Quando Caetano subverte o verso de “Chão de Estrelas”, de Orestes Barbosa, transformando o “Tu pisavas nos astros, distraída” em “Tropeçava nos astros, desastrada”, ele instala uma poética da falha, do tropeço como forma de lucidez. Duvivier assume esse tropeço como gesto estético e ético, transitando entre lirismo e crítica, entre o sublime e o escracho.
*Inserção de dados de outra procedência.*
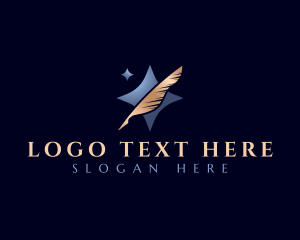 Quill - Writing Feather Pen logo design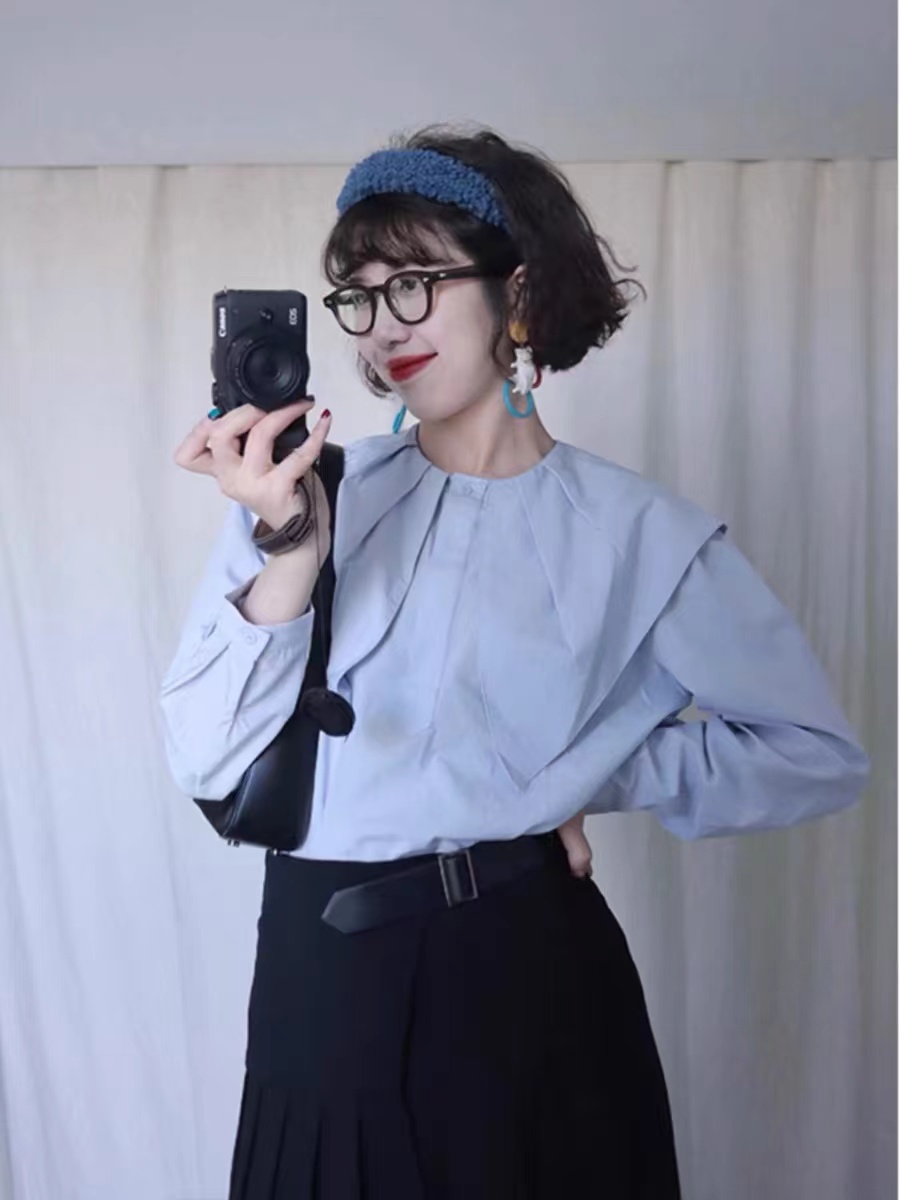 法式重工藍色壓褶襯衫女裝夏季2024年新款設計感小眾別致顯瘦上衣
Não se trata, portanto, de enaltecer a língua como signo de unidade nacional ou identidade cultural. O espetáculo, ao contrário, revela suas fraturas, suas hierarquias, seus apagamentos. Duvivier performa a língua como sintoma — do racismo estrutural, do machismo linguístico, da publicidade cínica, da política e seus discursos vazios. A palavra, aqui, não consola: ela desconstrói, provoca, inquieta.
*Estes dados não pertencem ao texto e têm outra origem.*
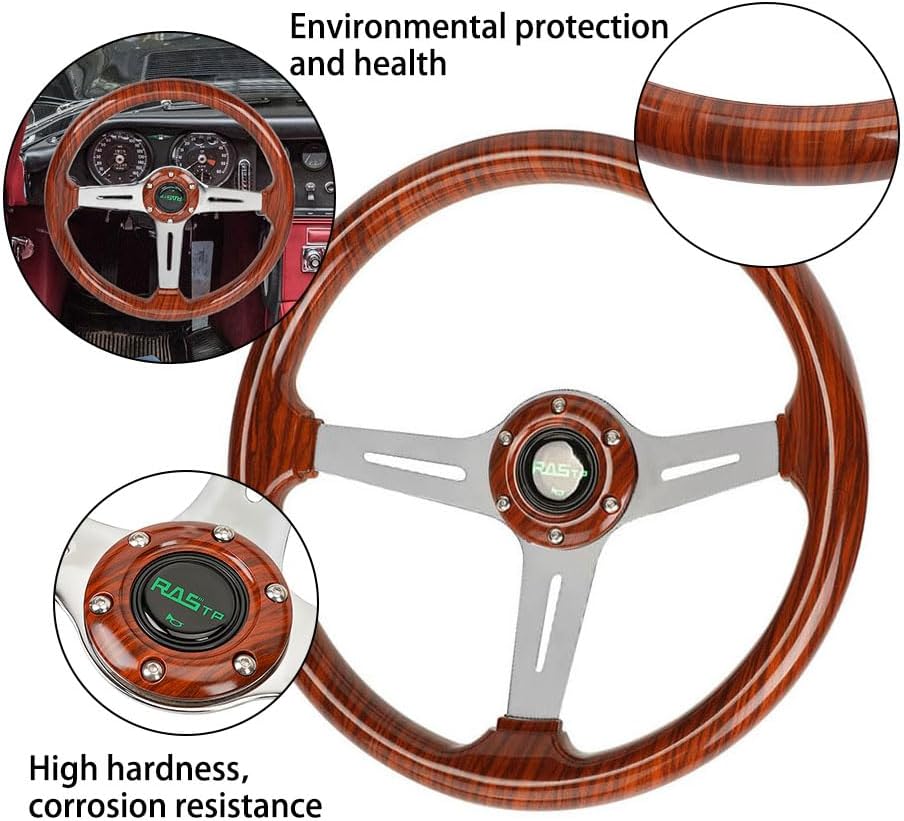 Volante universal 350mm madera ranurado carrito golf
A dramaturgia aposta na paródia, na prosopopeia, na metáfora proliferante. Há um jogo vertiginoso com prosódias, sotaques, ruídos, desvios. Normas são zombadas, dicionários são desmontados, convenções são desobedecidas. E se não há respostas fáceis, é porque o espetáculo propõe uma escuta inquieta, uma travessia sem mapa.
Encerrar com “Livros” é um gesto coreográfico e filosófico. Após o turbilhão da fala, a música se impõe como respiro, como reencantamento do verbo. O que era excesso se transforma em canto; o que era verbo tenso se transmuta em melodia suspensa. A canção não fecha o espetáculo – ela o abre, novamente, para a reverberação do sentido.
O Céu da Língua é, enfim, uma obra rara. Não pela grandiosidade formal – o espetáculo é deliberadamente contido, econômico, minimalista –, mas pela ousadia de seu gesto simbólico. Em tempos de colapso do discurso público, de desinformação e de banalização da linguagem, Duvivier realiza um ato radical: transforma o palco num laboratório do idioma, onde é possível rir da tragédia e chorar do riso, onde Camões convive com memes, onde Caetano é épico. É teatro da travessia: entre o chão pedregoso das palavras e o céu vertiginoso do pensamento.